これらをわずか1ヶ月府議会でできるとは思えません。また、大阪市会との協議もしないままでは議会の責任も問われます。
本来のまちづくりに必要な基本構想・計画から十分に議論すべきです。
■災害時の安全性は大丈夫か
 東南海・南海地震を想定すれば、埋め立て地の高層建築物の危険性が高く、周辺地域の液状化によってライフラインの不能が予測され、府庁という防災時の指揮所としては不安があります。阪神淡路大震災の翌日、長田区に救援物資を運ぶのに14時間かかった経験から、府が示した災害時の職員の参集計画の実効性に疑問があります。
■買い取り価格は妥当か
 WTC譲渡価格を決定するのに、府の鑑定価格は95億円、大阪市は150億円と55億円の差がありました。今年2月、異例とも言えるわずか1ヶ月足らずの期間での府市の共同鑑定を実施し103億円で妥協しました。
 その後、市から府に移転費用約30億円を求められましたが、府議会からの反対意見を受け、府は市と協議し、WTCに入居する大阪市部局の移転費約30億円は市側の負担とする一方、府のWTC買収後も当面、市部局の年間賃貸料18億8000万円を3億2000万円に減額、転居時の原状回復費用10億5000万円を免除することを府議会に提示しました。 府が肩代わりしたことに違いなく、市の鑑定価格に近づいた感があります。
■身内の経済効果の信頼性
 府は、WTC移転による経済効果を身内である大阪府立産業開発研究所に依頼し、約7802億円と発表しました。咲州地区などの開発が実祭に行われたと仮定した試算で信頼性は低いとされ、この時期に公表する府の意図的な情報と府議会では批判的です。
■提出資料の数多い修正
 府議会に提出された資料には、埋蔵文化財調査費約29億円、WTC周辺の地盤沈下調査結果の未公表、維持管理費、改修費の積算根拠が不明確、関西国際空港からWTC、府庁へのアクセス時間を取り違えなど、意図的でないとしても短期間での資料作成のため提出資料の不備が目立ち、府議会での指摘で訂正するなど十分な議論の妨げになっています。
■変化する橋下知事の発言
 昨年9月に、「WTC移転が安上がり」と知事がWTC移転の理由を発言して以来、「改革変化」、「関西州の拠点」、「東西軸のまちづくり」、「ベイエリアの開発」「経済効果の発生」、「新エネルギー産業拠点」と移転の意義が時々刻々変化しています。

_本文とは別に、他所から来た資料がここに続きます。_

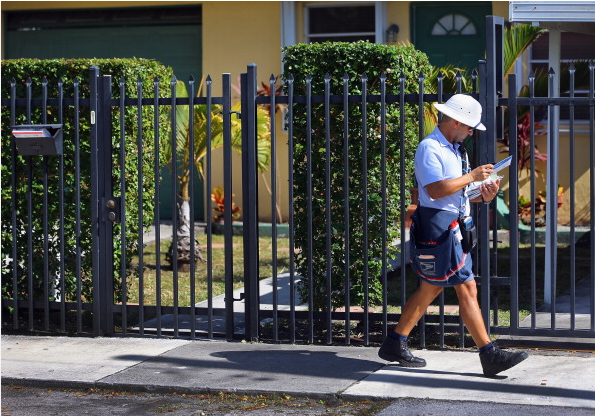 Beware your friendly neighborhood mailman. (Photo: Getty)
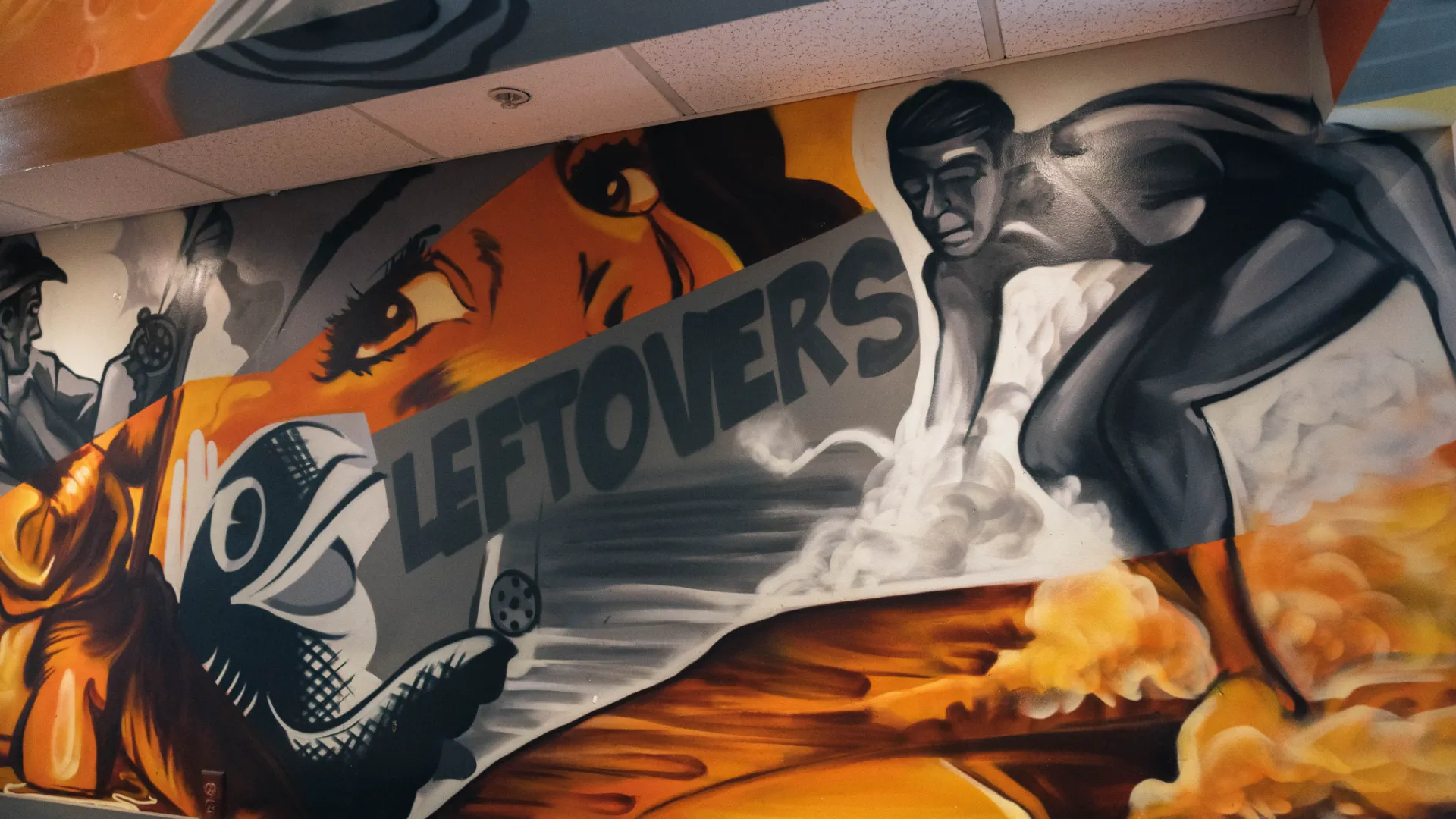 Mural on inside of Leftovers restaurant with the word Leftovers and a surfer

 府議会の議論では、「移転がつぶれればすべてがつぶれる」、「タイミングこそが大切」、「それは政治判断だ」との知事の発言は、議会との議論を回避し、賛成せよと行っているように聞こえます。
 確かに80%を超える高い支持率を背景に、「僕の声は府民の声」と知事は言われますが、WTC移転の具体的な府民のメリットを説明すべきです。
 今議会中に結論を出すのか、総務委で継続するのか、特別委を設置し議論するのか判断をしなければなりませんが、大切なのは府民・市民の意見を反映する時間が必要です。